Here is the twist in this case: the seasoning batches Utz actually used tested negative for salmonella before production, and the company says it issued the recall out of an abundance of caution. To date, Today.com reported, no illnesses or adverse health complaints have been linked to any of the recalled chips.

Why a Recall With Zero Illnesses Gets the FDA’s Most Severe Rating

If nobody got sick and the seasoning tested clean, why does this recall now carry the same classification as recalls that have killed people? Because the FDA’s classification system grades the hazard, not the body count. Class I asks a forward-looking question: if a contaminated product did reach a consumer, how bad could it get? For salmonella in a ready-to-eat food, a product nobody cooks before eating, the answer is bad. Salmonella infection can cause fever, diarrhea, and vomiting in healthy adults, and it can turn severe or fatal in young children, older adults, and people with weakened immune systems.

That hazard-based logic is defensible, even prudent. What is harder to defend is the timeline. Utz initiated the recall in early May. The FDA’s Class I determination surfaced in an enforcement report published at the end of June, and most consumers are hearing about the severity rating only now, in July. For eight weeks, a shopper who vaguely remembered a chip recall had no official signal that regulators would eventually place it in the highest risk tier. The bags in question remain within their best-by window the entire time.

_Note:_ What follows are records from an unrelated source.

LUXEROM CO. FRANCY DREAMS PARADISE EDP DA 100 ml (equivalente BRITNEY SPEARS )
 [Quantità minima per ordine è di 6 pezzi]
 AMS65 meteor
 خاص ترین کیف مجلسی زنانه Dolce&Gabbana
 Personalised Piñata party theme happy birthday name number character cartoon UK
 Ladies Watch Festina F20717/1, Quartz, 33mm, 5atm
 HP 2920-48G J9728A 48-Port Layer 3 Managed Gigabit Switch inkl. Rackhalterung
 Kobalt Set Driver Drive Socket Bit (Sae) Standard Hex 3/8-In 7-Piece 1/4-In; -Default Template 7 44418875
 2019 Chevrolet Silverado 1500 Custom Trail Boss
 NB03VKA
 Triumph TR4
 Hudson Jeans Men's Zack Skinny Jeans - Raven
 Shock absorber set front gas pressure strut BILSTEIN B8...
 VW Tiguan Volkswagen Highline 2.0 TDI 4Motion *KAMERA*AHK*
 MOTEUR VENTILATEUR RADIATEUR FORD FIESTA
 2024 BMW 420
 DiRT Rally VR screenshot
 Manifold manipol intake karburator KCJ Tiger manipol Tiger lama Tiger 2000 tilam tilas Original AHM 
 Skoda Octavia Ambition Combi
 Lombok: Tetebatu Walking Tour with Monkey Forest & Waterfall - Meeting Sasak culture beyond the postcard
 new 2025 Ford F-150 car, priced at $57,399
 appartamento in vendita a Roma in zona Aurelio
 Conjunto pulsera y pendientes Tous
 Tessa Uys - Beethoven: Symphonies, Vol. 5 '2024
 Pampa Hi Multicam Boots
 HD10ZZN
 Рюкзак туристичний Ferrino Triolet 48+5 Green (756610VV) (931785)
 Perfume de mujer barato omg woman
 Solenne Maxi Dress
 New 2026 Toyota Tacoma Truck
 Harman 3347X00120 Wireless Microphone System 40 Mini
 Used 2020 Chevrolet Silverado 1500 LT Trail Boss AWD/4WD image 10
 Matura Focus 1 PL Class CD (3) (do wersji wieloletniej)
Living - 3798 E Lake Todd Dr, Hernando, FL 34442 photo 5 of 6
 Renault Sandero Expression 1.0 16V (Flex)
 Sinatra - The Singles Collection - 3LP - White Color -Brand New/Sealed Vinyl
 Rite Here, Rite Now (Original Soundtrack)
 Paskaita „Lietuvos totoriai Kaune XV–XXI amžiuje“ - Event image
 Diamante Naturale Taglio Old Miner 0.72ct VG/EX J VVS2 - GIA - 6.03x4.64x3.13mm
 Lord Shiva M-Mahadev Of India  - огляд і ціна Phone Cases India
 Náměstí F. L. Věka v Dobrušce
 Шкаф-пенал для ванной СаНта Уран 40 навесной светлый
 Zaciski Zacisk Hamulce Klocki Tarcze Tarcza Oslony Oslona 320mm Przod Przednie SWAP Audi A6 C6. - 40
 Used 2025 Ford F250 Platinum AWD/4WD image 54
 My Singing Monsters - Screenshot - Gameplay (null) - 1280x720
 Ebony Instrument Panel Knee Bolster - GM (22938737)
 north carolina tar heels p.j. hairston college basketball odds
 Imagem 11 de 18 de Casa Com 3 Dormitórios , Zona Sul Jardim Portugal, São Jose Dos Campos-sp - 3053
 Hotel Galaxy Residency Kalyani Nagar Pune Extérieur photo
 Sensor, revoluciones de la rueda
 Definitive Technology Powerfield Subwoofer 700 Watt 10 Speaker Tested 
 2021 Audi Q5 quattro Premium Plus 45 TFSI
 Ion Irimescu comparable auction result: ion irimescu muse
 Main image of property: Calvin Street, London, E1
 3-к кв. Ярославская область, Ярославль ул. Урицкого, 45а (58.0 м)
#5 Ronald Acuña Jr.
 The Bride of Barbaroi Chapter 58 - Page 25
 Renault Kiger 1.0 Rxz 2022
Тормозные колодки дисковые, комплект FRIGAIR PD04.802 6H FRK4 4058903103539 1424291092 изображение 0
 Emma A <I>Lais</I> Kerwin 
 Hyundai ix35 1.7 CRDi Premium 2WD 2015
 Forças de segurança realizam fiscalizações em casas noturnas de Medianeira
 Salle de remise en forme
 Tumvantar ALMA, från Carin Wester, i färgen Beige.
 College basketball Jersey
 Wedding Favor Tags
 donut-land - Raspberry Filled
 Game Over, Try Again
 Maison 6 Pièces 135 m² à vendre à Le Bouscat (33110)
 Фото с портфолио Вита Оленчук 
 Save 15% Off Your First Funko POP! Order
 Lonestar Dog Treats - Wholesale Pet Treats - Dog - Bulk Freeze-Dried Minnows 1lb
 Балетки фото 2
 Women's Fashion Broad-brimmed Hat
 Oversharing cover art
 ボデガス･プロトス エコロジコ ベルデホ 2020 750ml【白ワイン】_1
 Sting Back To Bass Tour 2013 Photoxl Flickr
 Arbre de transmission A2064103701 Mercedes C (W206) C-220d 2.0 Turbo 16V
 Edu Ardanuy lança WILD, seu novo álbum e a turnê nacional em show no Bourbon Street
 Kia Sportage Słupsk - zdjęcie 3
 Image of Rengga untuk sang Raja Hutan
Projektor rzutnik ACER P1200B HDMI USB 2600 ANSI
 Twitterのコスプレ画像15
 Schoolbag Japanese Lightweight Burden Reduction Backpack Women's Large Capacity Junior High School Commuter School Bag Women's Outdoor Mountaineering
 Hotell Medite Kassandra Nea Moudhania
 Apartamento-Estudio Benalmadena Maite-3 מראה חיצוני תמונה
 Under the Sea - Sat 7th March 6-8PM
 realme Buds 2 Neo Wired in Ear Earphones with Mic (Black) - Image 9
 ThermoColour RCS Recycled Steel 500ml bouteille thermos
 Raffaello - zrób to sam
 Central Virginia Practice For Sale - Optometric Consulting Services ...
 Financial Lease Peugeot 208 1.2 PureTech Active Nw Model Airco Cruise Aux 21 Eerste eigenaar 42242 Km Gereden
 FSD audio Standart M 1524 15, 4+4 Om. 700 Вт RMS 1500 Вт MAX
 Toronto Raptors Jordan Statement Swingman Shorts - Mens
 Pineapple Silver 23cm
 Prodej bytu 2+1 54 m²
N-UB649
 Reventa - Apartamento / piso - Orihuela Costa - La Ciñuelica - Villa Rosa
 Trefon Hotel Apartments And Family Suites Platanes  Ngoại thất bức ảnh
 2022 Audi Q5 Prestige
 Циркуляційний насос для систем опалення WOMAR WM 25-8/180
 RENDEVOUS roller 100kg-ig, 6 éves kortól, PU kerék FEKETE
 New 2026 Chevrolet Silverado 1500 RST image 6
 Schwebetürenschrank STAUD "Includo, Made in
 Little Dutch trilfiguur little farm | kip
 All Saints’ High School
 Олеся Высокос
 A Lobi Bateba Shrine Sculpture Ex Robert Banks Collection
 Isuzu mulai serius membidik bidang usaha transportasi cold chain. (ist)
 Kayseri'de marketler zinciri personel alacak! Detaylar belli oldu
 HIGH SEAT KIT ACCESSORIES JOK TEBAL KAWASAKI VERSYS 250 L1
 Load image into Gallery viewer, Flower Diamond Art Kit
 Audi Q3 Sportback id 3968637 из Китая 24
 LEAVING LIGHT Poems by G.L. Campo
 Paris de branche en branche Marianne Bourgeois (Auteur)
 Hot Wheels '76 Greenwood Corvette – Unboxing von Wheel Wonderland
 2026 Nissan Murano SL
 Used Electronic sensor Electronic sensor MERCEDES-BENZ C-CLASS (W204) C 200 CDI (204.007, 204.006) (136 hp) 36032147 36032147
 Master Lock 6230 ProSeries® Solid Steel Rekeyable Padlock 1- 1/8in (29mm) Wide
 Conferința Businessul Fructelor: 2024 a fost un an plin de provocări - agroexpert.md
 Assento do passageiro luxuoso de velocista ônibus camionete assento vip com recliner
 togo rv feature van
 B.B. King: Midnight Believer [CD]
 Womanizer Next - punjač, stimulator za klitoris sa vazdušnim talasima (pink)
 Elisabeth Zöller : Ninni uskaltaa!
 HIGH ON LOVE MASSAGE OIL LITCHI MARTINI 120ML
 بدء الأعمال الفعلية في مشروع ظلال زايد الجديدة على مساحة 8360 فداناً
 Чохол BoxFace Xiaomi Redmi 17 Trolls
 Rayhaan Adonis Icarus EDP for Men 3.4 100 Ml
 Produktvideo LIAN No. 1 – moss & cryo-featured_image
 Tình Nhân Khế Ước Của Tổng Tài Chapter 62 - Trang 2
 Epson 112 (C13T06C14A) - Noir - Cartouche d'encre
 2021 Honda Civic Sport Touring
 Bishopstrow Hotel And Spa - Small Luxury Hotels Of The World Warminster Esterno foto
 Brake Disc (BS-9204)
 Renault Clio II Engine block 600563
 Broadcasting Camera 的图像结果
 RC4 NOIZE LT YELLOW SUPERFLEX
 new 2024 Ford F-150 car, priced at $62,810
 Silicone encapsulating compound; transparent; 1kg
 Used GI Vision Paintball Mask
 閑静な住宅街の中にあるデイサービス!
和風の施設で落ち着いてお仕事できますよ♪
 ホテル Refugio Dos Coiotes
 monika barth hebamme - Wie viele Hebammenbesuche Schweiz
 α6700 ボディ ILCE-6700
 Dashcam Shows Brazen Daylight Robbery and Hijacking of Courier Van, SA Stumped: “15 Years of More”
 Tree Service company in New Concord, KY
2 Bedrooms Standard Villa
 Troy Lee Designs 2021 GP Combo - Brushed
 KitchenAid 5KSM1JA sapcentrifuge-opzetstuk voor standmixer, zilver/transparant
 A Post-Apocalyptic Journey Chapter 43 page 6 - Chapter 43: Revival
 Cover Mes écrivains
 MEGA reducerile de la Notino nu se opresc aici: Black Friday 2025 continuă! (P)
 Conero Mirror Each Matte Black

This is a structural gap in how American food safety communicates risk. The recall system front-loads the company’s voluntary announcement, which tends to be carefully worded and easy to miss, and back-loads the government’s independent severity judgment by weeks or months. The classification lag is routine at the FDA, which processes hundreds of recalls a year through its enforcement reporting pipeline. Routine is not the same as acceptable when the product is a snack food with a three-month shelf life and a cult following.

Check the Pantry, Not the Headlines

The practical guidance is simple. Look for the nine recalled products, check the best-by dates against the July 27 through August 31 window, and throw out or return anything that matches. Do not taste-test your way to reassurance; salmonella does not announce itself in flavor or smell.

The larger question is worth sitting with longer than the chips will last. Utz did what the system asks of a company: it traced the ingredient, pulled the product, and notified regulators, all without a single reported illness. The system still left consumers waiting two months to learn how seriously the government viewed the risk. As ingredient supply chains keep consolidating, the distance between one contaminated batch of milk powder and 685,000 bags of chips in 34 states keeps shrinking. The distance between a recall announcement and an honest public accounting of its severity should be shrinking too. So far, it is not.